A number of illegal streams on Twitch gathered more than 1.2 million viewers. These were people interested in watching the YouTubers pummel each other, but didn’t want to spend $10 to do so. In the realm of streaming and YouTube, a few hundred thousand people may not seem like a big deal, but at $10 a person, that works out to $4 million.
It’s a huge loss — not just for KSI, but for YouTube. The company is taking an unannounced percentage of the proceeds as a hosting fee. Even lowballing an estimate of 30 percent, which is just under the company’s normal 40 percent cut it takes from creators’ AdSense revenue on videos, that’s approximately $1.2 million in losses.
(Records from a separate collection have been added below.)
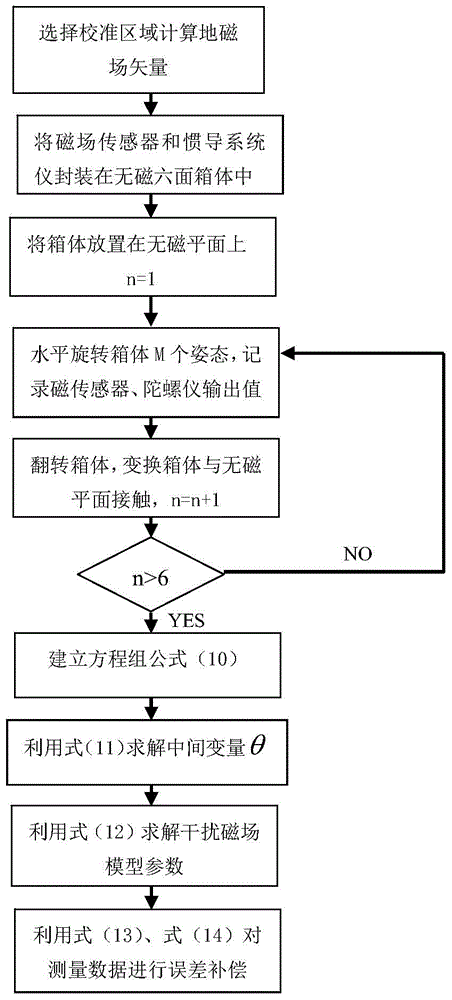 A Comprehensive Compensation Method for Geomagnetic Vector Measurement Error Based on Linear Model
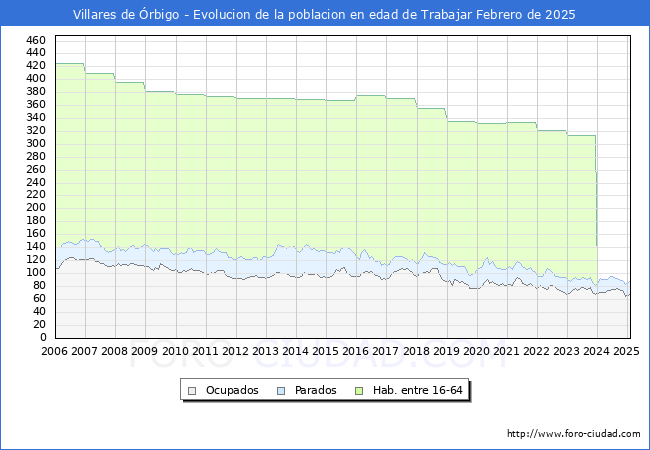 Evolucin Afiliados a la Seguridad Social, parados y poblacin en edad de trabajar para el Municipio de Villares de rbigo hasta Febrero del 2025.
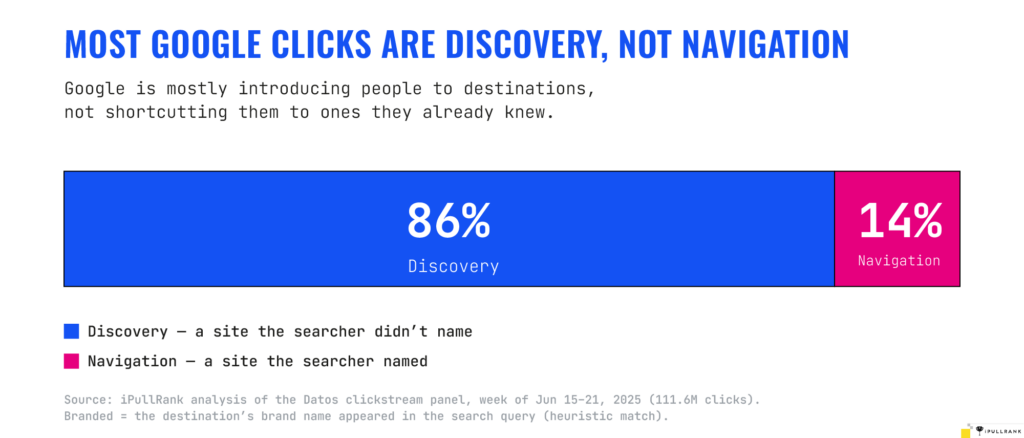 Most Google clicks are discovery Most Google clicks are discovery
There are now officially more people watching the Logan Paul/KSI fight on Twitch through illegal streams than through the official YouTube stream. pic.twitter.com/LAfIFnxGkP
Jason Kint, the CEO of Digital Content Next and an expert in the field, tweeted about the noticeable division in viewers between those easily finding streams indirectly promoted on Twitch’s front page as “boxing” content.
“Nothing makes sense any more,” Kint tweeted . “I’m ticked off at Amazon [which owns Twitch] for not protecting the live PPV [Pay-Per-View] IP of Google’s YouTube from piracy. Welcome to our world, YouTube. Millions in immediately lost value and more importantly undermines future business opportunities as it trains piracy is only a click away. Amazon fail.”
Kint previously said that if KSI and Logan Paul streamed the fight for free, their viewership would have doubled. Instead of humming along steadily at 750,000 concurrents, which it averaged at toward the end of the night, Paul and KSI’s fight could have run with 1.5 or even two million viewers.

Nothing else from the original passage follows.